-- YOUR OBJECTIVE --
Transcribe the entries below word for word, beginning at the line with "skeletal Galena" and stopping after the line with "2025 TOYOTA CAMRY XSE 4T1DAACK9SU034348"; drop all pictures.

-- SOURCE MATERIAL --
Content starts

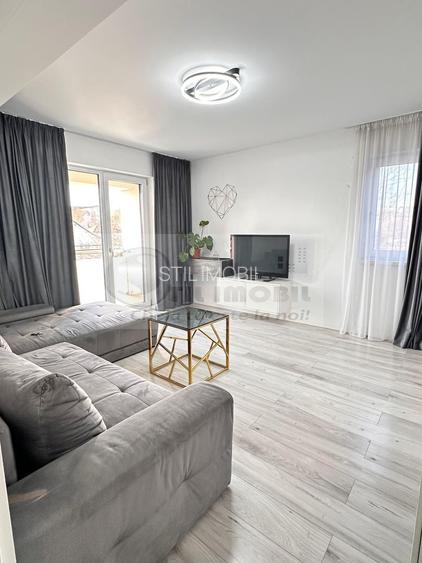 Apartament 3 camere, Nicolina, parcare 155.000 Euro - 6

Content ends
Content starts

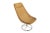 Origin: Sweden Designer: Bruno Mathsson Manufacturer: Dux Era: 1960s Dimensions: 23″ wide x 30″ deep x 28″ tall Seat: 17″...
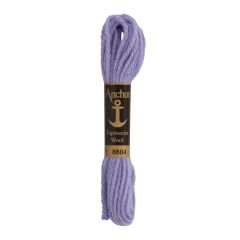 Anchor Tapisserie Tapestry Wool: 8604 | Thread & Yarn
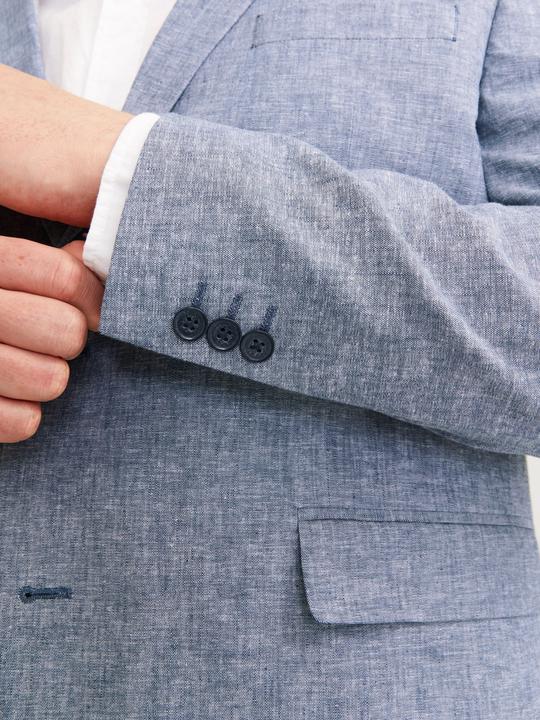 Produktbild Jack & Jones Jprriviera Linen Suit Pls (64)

Content ends
Content starts

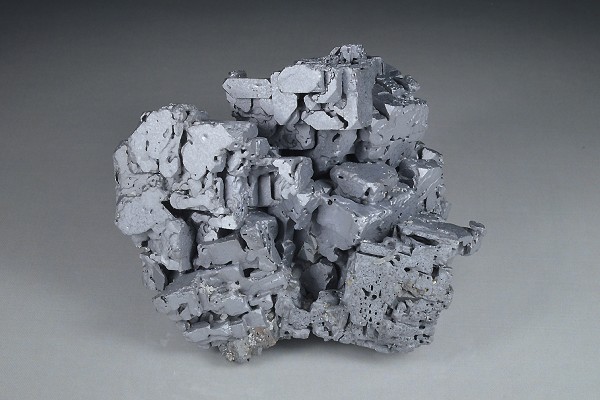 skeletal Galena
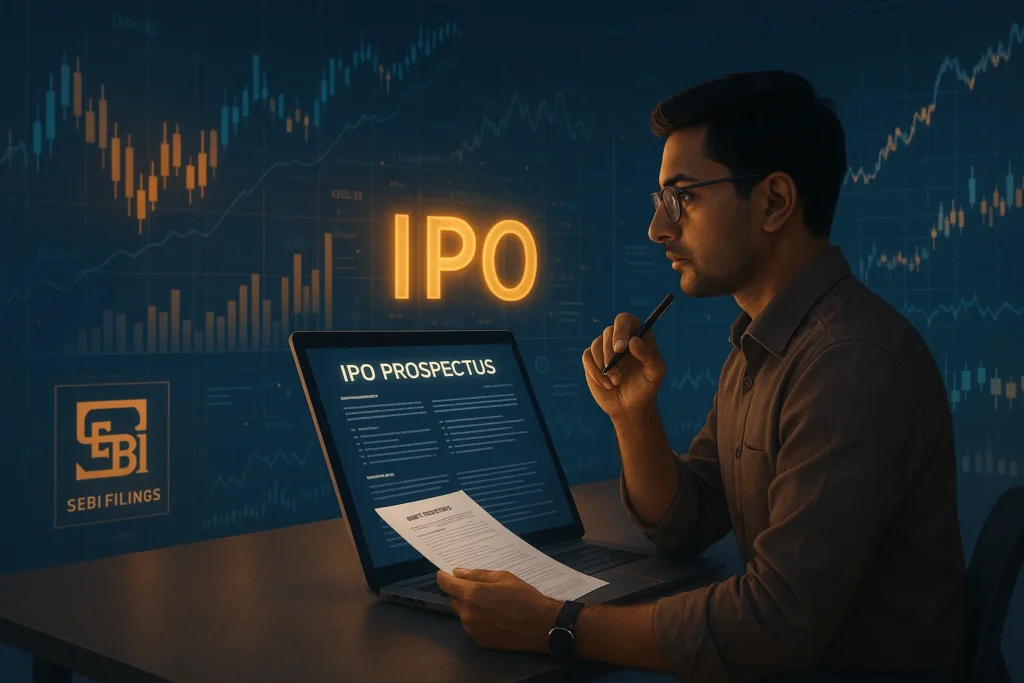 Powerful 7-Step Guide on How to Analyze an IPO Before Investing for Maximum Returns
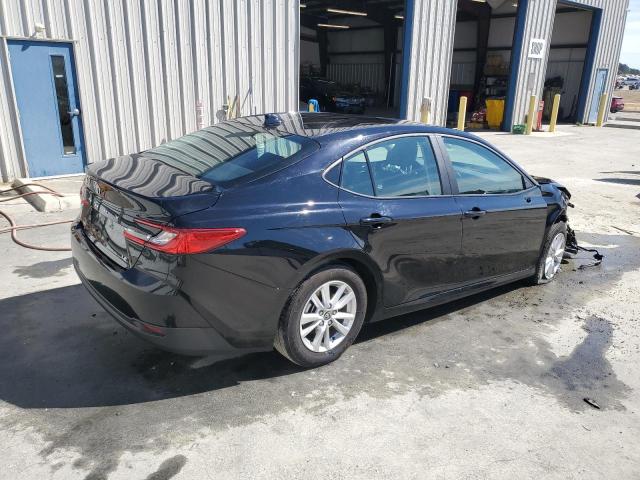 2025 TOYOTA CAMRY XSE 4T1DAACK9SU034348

Content ends

-- SOLUTION TO THIS TASK --
 skeletal Galena
 Powerful 7-Step Guide on How to Analyze an IPO Before Investing for Maximum Returns
 2025 TOYOTA CAMRY XSE 4T1DAACK9SU034348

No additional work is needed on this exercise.